La Ascensión de Jesús a los cielos es un artículo de nuestra fe de cristianos. Lo aceptamos generalmente sin rechistar, y lo repetimos cada vez que recitamos el Credo. Lo proclama la Iglesia, y nosotros aceptamos.
Pero si litúrgicamente resulta válida la expresión, no parece que sea suficiente para expresar y transmitir catequéticamente lo que en verdad creemos.
Expresiones como resucitar, ascender y descender no caben en nuestras categorías actuales, donde se habla de muerte cerebral, enviar satélites al espacio o explorar los abismos oceánicos. Si nuestras creencias religiosas dependieran de las categorías espacio-temporales, estarían en el aire por culpa de los adelantos de la ciencia.
Una cosa es cómo lo expresamos, y otra y bien distinta cómo lo vivimos.
Resucitar no es volver a la vida. Que Jesús resucitó quiere decir que está más allá de la muerte, que no puede retenerle. Por eso su sepulcro está vacío, porque Él no está allí.
La Ascensión de Jesús, aunque expresada de esa manera tan plástica, significa que dejó de estar visible, de estar retenido por los estrechos límites del espacio y del tiempo. No cabe en tan poco habitáculo y lo hace estallar llenándolo todo. Por eso le decimos El Señor.
En realidad más que subió deberíamos decir que se abajó. Porque lejos de desaparecer, se ha metido más de lleno en nuestra pequeña historia. Si Dios se encarnó en Jesús, y desde entonces es el Dios-con-nosotros; a partir de ahora Dios camina con nosotros en nuestra Galilea cotidiana, no estamos solos; y mucho más: está dentro de nosotros, -su Espíritu que nos habita-, y es el Dios-en-nosotros.

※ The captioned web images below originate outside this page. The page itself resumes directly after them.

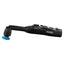 Rupes BigFoot iBrid nano2 LUX Kit (11)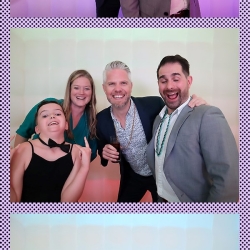 20220827_224004_818_1x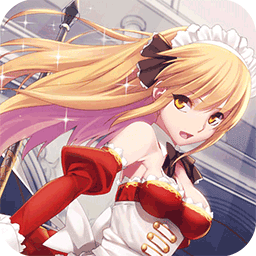 战痕天下页游安卓游戏下载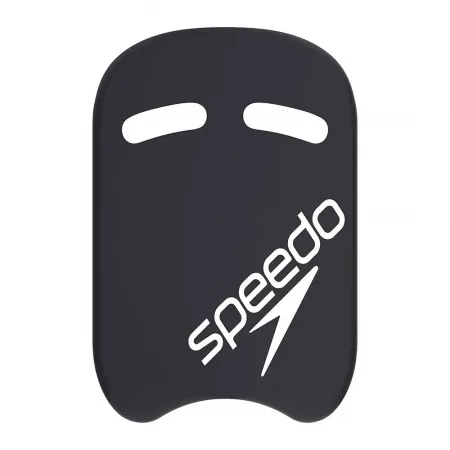 스피도 킥판 7141468194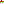 Destellos dst-130971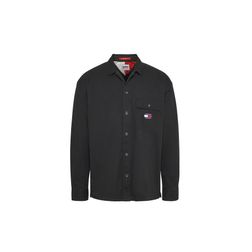 tommy-hilfiger-regular-de-algodon-organico-negra-dm0dm15129bds-1.jpeg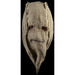 "Man In The Mask Figurine - The Strangers"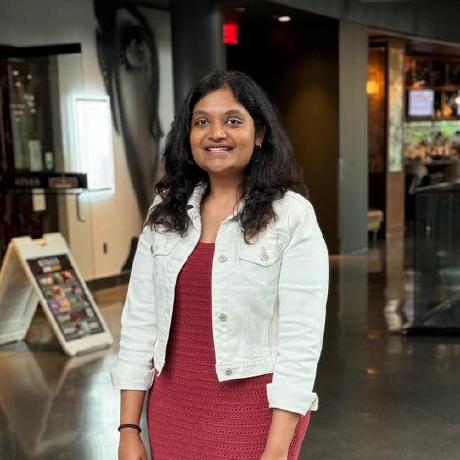 Neeharikavasadi Neeharika Github - Dark Patterns - Incredible HD Collection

¿Qué consecuencias podemos sacar de esto? Muchas. La primera y principal, que somos el grupo de Jesús, sus amigos. No importa cuántos seamos, a nosotros nos corresponde mostrarle vivo y vivificante. Donde vayamos, allí está Él.
Nosotros tenemos que anunciarle, dándole a conocer al mundo entero. Mostrarle de palabra y de obra. Cuando hablemos en su nombre, Él habla.
Y somos nosotros quienes tenemos que hacer nuevos discípulos de Jesús, enseñando lo que Él nos enseñó, viviendo como Él lo hizo, provocando adhesion y seguimiento. Al bautizar, no realizamos un simple gesto, no; en realidad es como si se estuviera replicando: un cristiano, un Cristo, llamado a constituir la comunidad cristiana.
La fuerza del resucitado lo llena todo con su Espíritu. Todo está orientado a aprender y enseñar a vivir como Jesús y desde Jesús. El sigue vivo en sus comunidades. Sigue con nosotros y entre nosotros curando, perdonando, acogiendo… humanizando la vida.